Umas batidas na porta encheram a casa de volume baixo, frustado Felix enterrou a cara na almofada.

-Timóteo, por favor vê quem é.

Inesperadamente o outro atendeu o pedido e abriu a porta, tranquilizando Felix que se enterrou nos cobertores, suspirando.

-Onde é que ele está? -uma voz grossa questionou, a porta da entrada a bater com força contra a parede.

Na hora o loiro levantou-se descalço e caminhou até ao corredor onde encontrou na esquina da entrada o gajo das dívidas.

-Bom dia! Onde moram as minhas verdinhas, ãhm? -questionou sorrindo agora com o canino esquerdo reluzente de prateado.

Ameaçado, Felix recuou dois paços que não deram em nada pois foi agarrado pela gola da t-shirt, sendo erguido do chão.

-É bom que tenhas a merda do dinheiro, senão desta vez, garanto-te que sais daqui com pelos menos um dos teus ossinhos partidos e um pontos para levar.

-Eu tenho! Eu tenho! -Felix repetiu desesperado.

Sabia que mostrar o efeito que o homem criava nele, medo e subordinação, não favorecia a sua posição, mas era impossível conter-se quando esta era a forma abruptua e ameaçadora que era abordado.

-Posso ir buscá-lo? -pediu, precisava de ser solto antes.

-Cozinha. -apontou com a cabeça e largou o outro, fazendo os pés pesarem no chão de madeira com a queda.

Atordoado e com a visão zonza foi até ao quarto, tirando de dentro do armário, no meio das suas roupas a mala com o dinheiro intocado de Hyunjin, agora de Felix.

Engoliu a seco e seguiu pelo corredor até à cozinha onde agora a gaja das dívidas agarrava Timóteo pelo pescoço,  como uma espécie de garantia que se não houvesse dinheiro, ele sofria, algo que para Felix não o abalava tanto como o esperado.

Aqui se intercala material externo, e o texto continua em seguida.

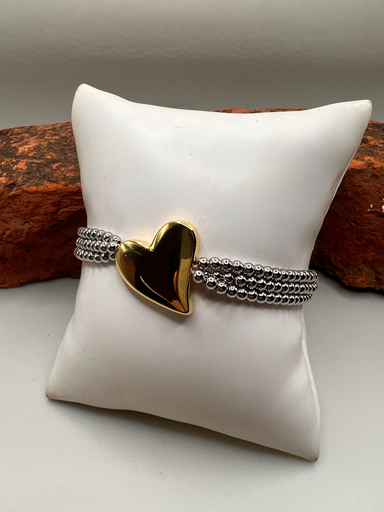 [D.97] Pulsera Corazón  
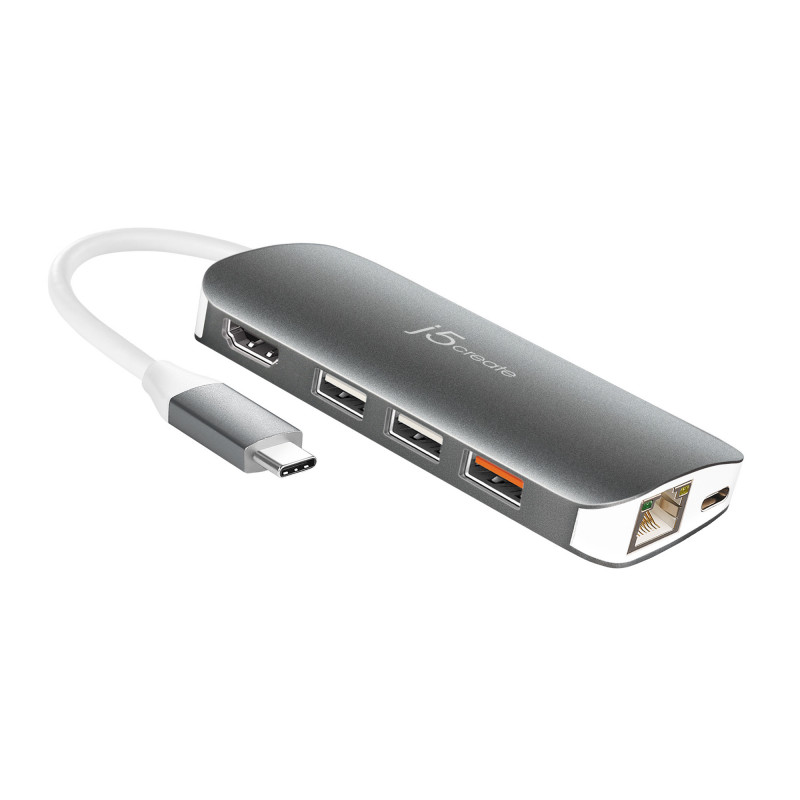 j5create JCD383-N USB-C™ 9-in-1 -monisovitin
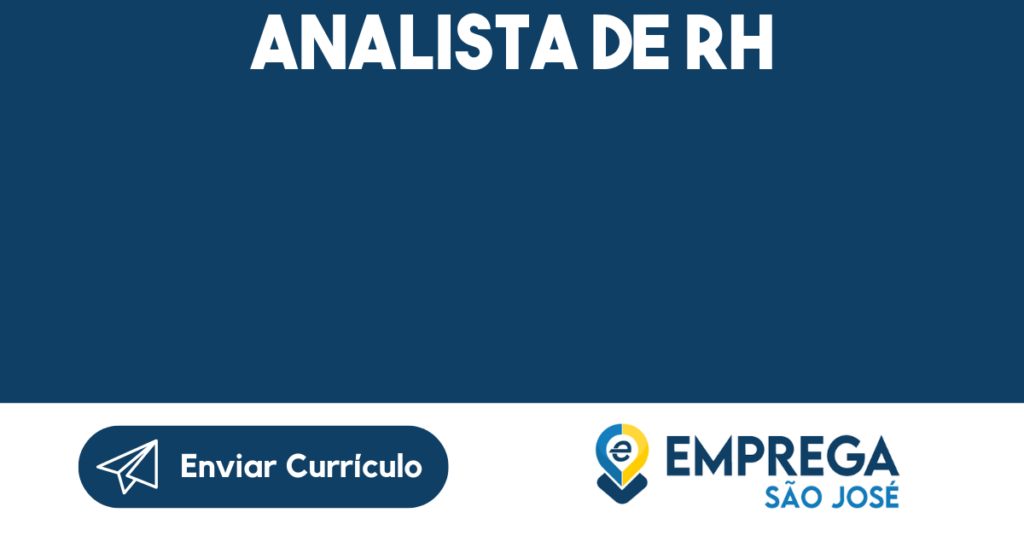 Analista De Rh-São José Dos Campos - Sp 1 Analista De Rh-São José Dos Campos - Sp 1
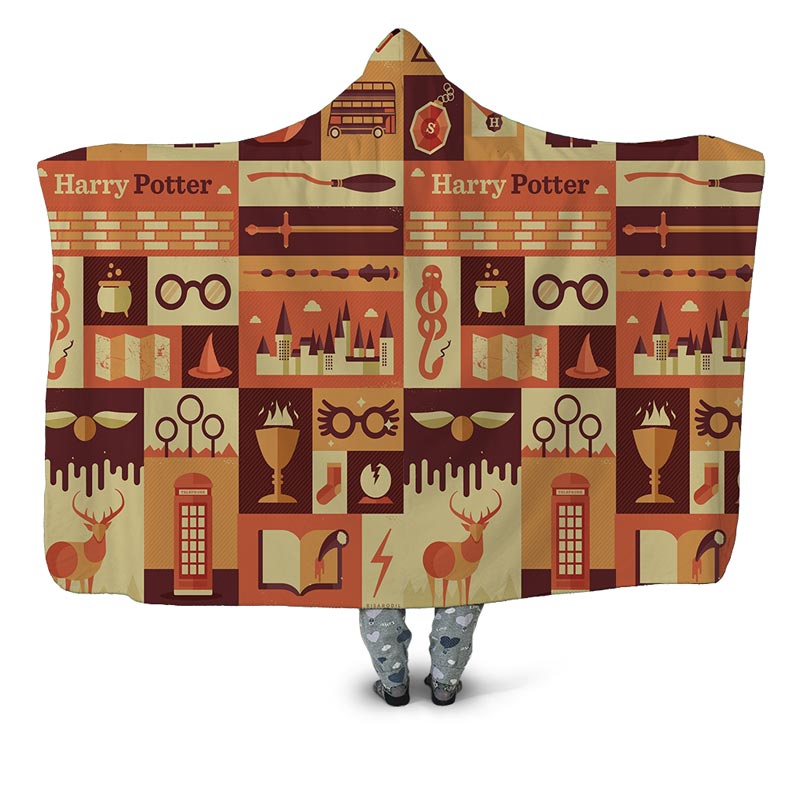 Harry Potter Hooded Blanket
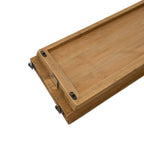 40 in. L Natural Wooden Trapezoid in. Farm Fresh in. Christmas Tree Collar (KD)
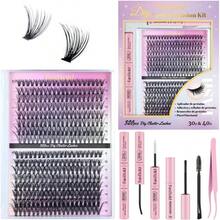 Pestaas Postizas Kit Completo 320 Piezas, Extensiones de Pestaas Naturales 30D 40D, Lash Cluster 9 - 16mm, Racimos Pestaas Rpida Aplicacin Con Unin y Sellado De Pestaas Sujecin Fuerte - Púrpura(320pcs 30D/40D) - Ver 2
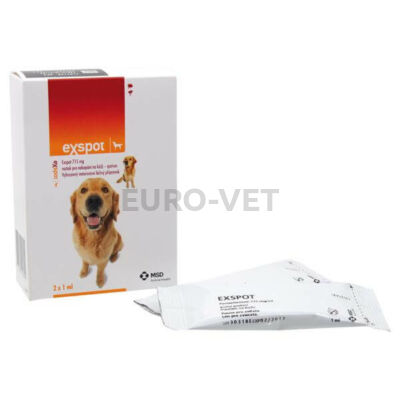 Ex-Spot A.U.V. kullancs és bolha elleni csepp kutyáknak 1 db 1 ml ampulla nyitott dobozból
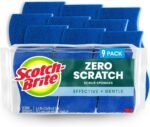 Scotch-Brite Non-Scratch Scrub Sponges, For Washing Dishes and Cleaning Kitchen, 9 Scrub Sponges - Image 2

-Tens aqui. -esticou a mala na direção do outro que a agarrou.

-Uhm. Parece que alguém andou a fazer uns trabalhitos e dívidas noutros lados! -virou-se, sentando-se  para a mesa onde começou a contar o dinheiro.

-Onde é que o arranjaste? -a mulher perguntou referindo-se ao dinheiro.

-Têm-no é o que interessa... -Felix defendeu-se.

-Uhm... muito secretinho. Parece que o bordel abriu mais cedo! -riu-se o homem.

Apesar de ser uma insinuação de pouco agrado e muito imoral, não se afastava da realidade, todos aqueles verdes tinham sido feitos através de fodas, fodas boas, com Hyunjin.

Foram uns longos minutos de silêncio, as notas a serem folheadas e postas no tampo da mesa, no final arrastou-as de novo para a mala, fechando a mala.

-Muito bem! Acertas-te na quantia loirinho. 

-Isso significa que não voltam mais para virem buscar o que é vosso. -Felix escolheu as palavras sabiamente.

-Se ele não criar mais dívidas... -apontou com um dedo acusador para Timóteo. -Agora, a tua parte está feita, mas falta os juros por isso tu e eu... -dirigiu-se para o outro. -...vamos ter uma conversinha.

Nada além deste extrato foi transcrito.